MIST stands for Mentored Investigations into Science and Technology.
We started in the early 1990’s with the aim of bringing both science lessons and math lessons alive.
Our Approach: Education Not Technology
The emphasis at MIST has always been on education not technology.
Children are constantly exploring the world around them. Their views and ideas provide essential starting points for an exciting journey of discovery.
So we ask children open-ended questions rather than providing them with answers. This helps children to think for themselves and to explore their ideas with their teachers, friends and parents.
How do we encourage this?
- First we use the power of a short video to catch children’s attention, to bring the all-important real-world examples into the classroom and to spark questions
- Then we provide a range of ideas for lessons and activities that you could use to tie into the video, or indeed your own investigations.
We believe that our material encapsulates the best of modern thinking about pedagogy. It provides a flexible resource that allows teachers to tailor it to their particular contexts, and it is affordable and easy to use.
Teachers have always been involved in trialing our different packages. MIST has also asked Faculty in Education Departments at the University of Liverpool in the UK and the University of Maryland in the US to help with several of these trials.
The Original Team
MIST has a long pedigree, dating back to Philips’ CD-i and before.
The three founders were: Dr Colin Mably, Peter Morley OBE, and Dr Marshall Young.
Colin is an award-winning curriculum developer and co-founder of the International Society for Teacher Education was our academic lead.
Peter is a BAFTA-award winning documentary maker.
Marshall, previously the Business Development Director for Thorn EMI Home Electronics International, runs the commercial side.
Our initial focus was Science and Dr Ann Benbow (now the Education Outreach Director at the American Geosciences Institute), soon joined to help develop a version for US Schools.

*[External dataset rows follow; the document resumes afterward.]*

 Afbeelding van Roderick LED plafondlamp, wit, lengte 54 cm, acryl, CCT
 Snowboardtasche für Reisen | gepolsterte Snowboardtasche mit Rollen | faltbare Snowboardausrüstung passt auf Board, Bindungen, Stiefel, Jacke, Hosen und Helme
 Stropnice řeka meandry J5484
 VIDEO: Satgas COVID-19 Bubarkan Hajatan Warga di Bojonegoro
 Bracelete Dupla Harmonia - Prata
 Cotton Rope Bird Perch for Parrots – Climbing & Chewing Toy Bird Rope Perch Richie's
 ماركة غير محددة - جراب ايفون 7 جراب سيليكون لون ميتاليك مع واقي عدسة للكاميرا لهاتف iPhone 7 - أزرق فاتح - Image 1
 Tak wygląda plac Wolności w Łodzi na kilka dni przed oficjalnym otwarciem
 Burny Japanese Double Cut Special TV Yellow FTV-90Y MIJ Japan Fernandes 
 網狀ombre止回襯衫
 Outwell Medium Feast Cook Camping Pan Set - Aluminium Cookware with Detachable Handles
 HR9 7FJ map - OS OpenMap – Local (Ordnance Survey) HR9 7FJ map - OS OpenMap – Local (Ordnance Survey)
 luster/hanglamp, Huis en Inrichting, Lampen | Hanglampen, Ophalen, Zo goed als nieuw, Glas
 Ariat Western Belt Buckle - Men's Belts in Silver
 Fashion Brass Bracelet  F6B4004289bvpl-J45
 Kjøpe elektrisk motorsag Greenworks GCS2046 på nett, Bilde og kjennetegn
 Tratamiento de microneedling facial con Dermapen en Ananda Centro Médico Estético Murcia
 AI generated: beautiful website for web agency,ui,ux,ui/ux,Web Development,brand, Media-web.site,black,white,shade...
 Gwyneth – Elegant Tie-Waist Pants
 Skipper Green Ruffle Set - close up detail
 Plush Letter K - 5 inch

The US project looked to build on the recommendations emanating from the American Association for the Advancement of Science on best practice in teaching science, which MIST was well placed to support.
The work MIST had done in the science area led to it being commissioned by the UK Government to develop a similar resource in the maths area. This led to the complementary ‘World of Number’ package.
In the late 1990’s, though, the discontinuation of CD-i, and the changes that video on the web were beginning to bring, meant that the team members decided to move onto other things.
Colin and Ann married and have continued to develop a number of science and maths educational products in the US; Peter retired to spend time with his wife in London and Marshall moved on to become Dean of Templeton (now Green Templeton) College, University of Oxford.
The Boxes in the Attic
For a while, the original MIST discs lay boxed up in an attic in Marshall’s house in Oxford.
His three children, Vicky, Rupert and Piers, are all involved in technology and education in one form or another. Vicky is a qualified teacher, Rupert runs a computer games company and Piers is a bit of both, having moved from IT into teaching eight years ago.
MIST kept on resurfacing as a topic of conversation at family gatherings and the conclusion was always the same. CD-i may be obsolete but the way MIST goes about helping educators teach children is still relevant.
So the three of us took down the boxes from the attic to see if between us, in our spare time, we could make MIST accessible again.